En el mundo real, si quiero, presto los libros que compro a mis amigos (con fecha de vuelta) o, los regalo, los subrayo, los anoto, los mancho accidentalmente… hago lo que quiero porque para eso los he comprado y son míos.
No ocurre lo mismo con los contenidos digitales.
Al adquirir un producto digital, obtengo unos derechos diferentes de los que se aplican a los artículos físicos.
Principalmente, dos:
Cuando adquiero un contenido digital, como norma general, no me convierto en su propietaria, no puedo copiarlo para mi propio uso, no puedo venderlo, no puedo dejarlo en herencia, no puedo regalarlo, no puedo prestarlo, ni puedo acceder a él desde todos mis dispositivos. Obtengo una licencia de uso único, aunque hay algunas excepciones; iTunes Store de Apple, Google Play Music o plataformas de contenidos digitales como Lektu.

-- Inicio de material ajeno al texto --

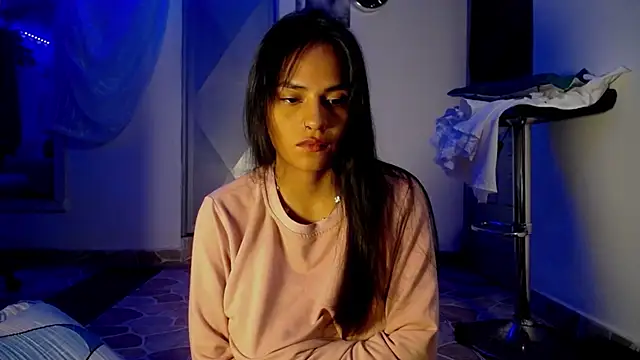 Samara_Homescapes's cam snapshot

Cuando adquiero un contenido digital (descargo una canción online o compro un eBook) renuncio al derecho a desistir dentro de un plazo determinado, porque, aunque así lo haga, podré seguir utilizándolo. Así que, la tienda online deberá poner a mi disposición un formulario normalizado en el que, se me informe acerca de la imposibilidad de devolverlo para que lo cumplimente antes de iniciar la descarga, aceptando que renuncio a su restitución. Después deberán acusarme recibo mediante, por ejemplo, un correo electrónico.
Me gusta la música y me gustan los libros, y, los compro, sea en formato físico o digital. Por eso, no entiendo porqué debo de dejar de compartirlos (en el formato que sea) con personas de mi confianza e intercambiar experiencias frecuentemente, divertidas y placenteras. Es evidente que hay quienes identifican Internet con una barra libre, pero, también hay quienes están dispuestos a pagar (incluso un poquito más, si realmente se adquiriera el contenido digital) a los autores por sus obras tal y como sucede en el mundo real. Esto significa que también deberíamos poder seguir compartiendo entre particulares tal y como se ha hecho toda la vida, sin que la industria abuse mediante el uso de sistemas de gestión de derechos digitales (códigos DRM que no evitan que el contenido sea copiado sin permiso) que no hacen más que hartar al que paga por los contenidos, sin impedir copias fraudulentas, en un intento inútil de poner puertas al campo.